> **WORK REQUIRED**: For the data below, transcribe the part that opens with the line containing "利勃海尔htm604搅拌运输车" and closes with the line containing "Fressers - Restaurants", exactly and with no pictures.

> **GIVEN INFORMATION**:
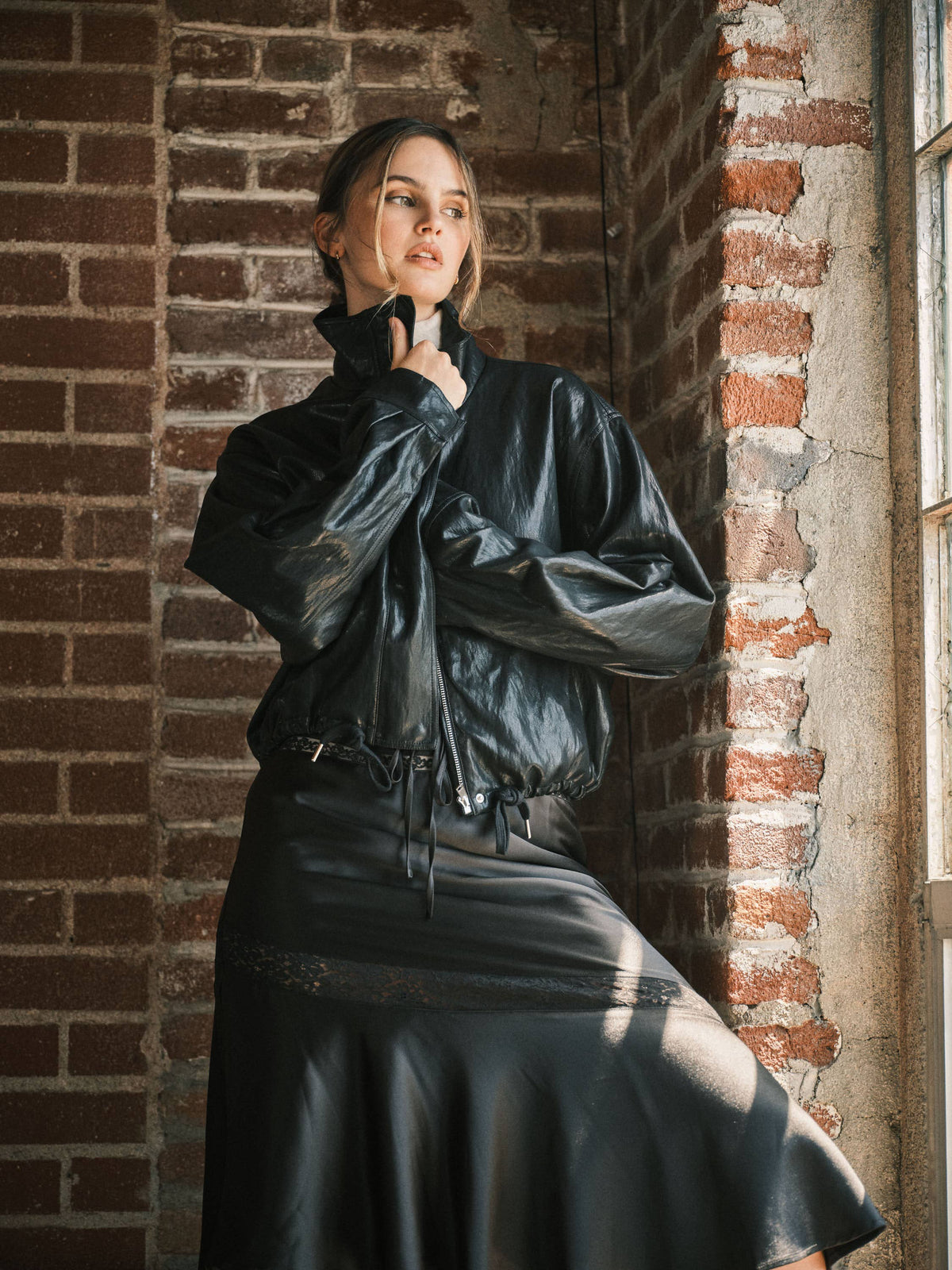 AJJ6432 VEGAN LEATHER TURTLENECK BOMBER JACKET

* * *

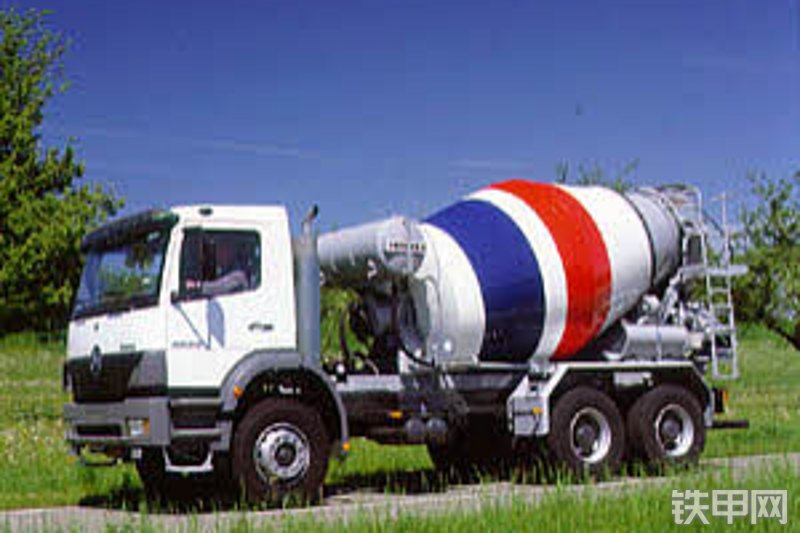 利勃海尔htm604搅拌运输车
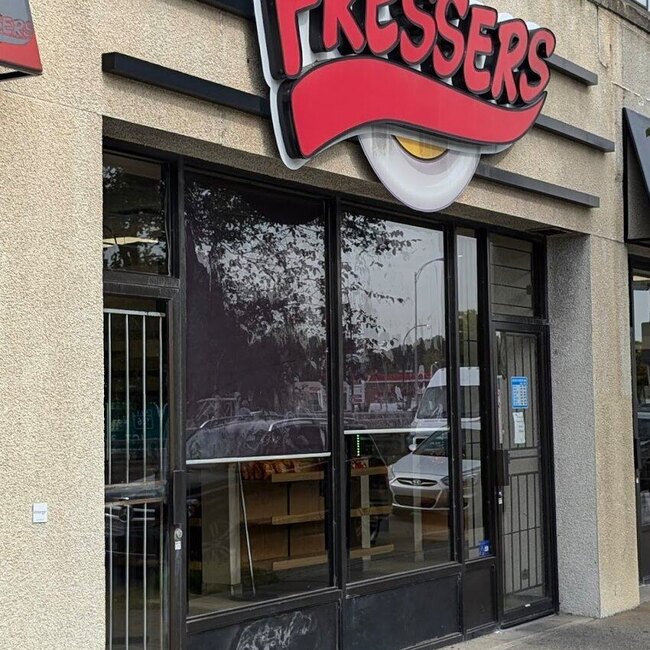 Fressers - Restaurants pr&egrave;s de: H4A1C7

> **OUTPUT**:
 利勃海尔htm604搅拌运输车
 Fressers - Restaurants pr&egrave;s de: H4A1C7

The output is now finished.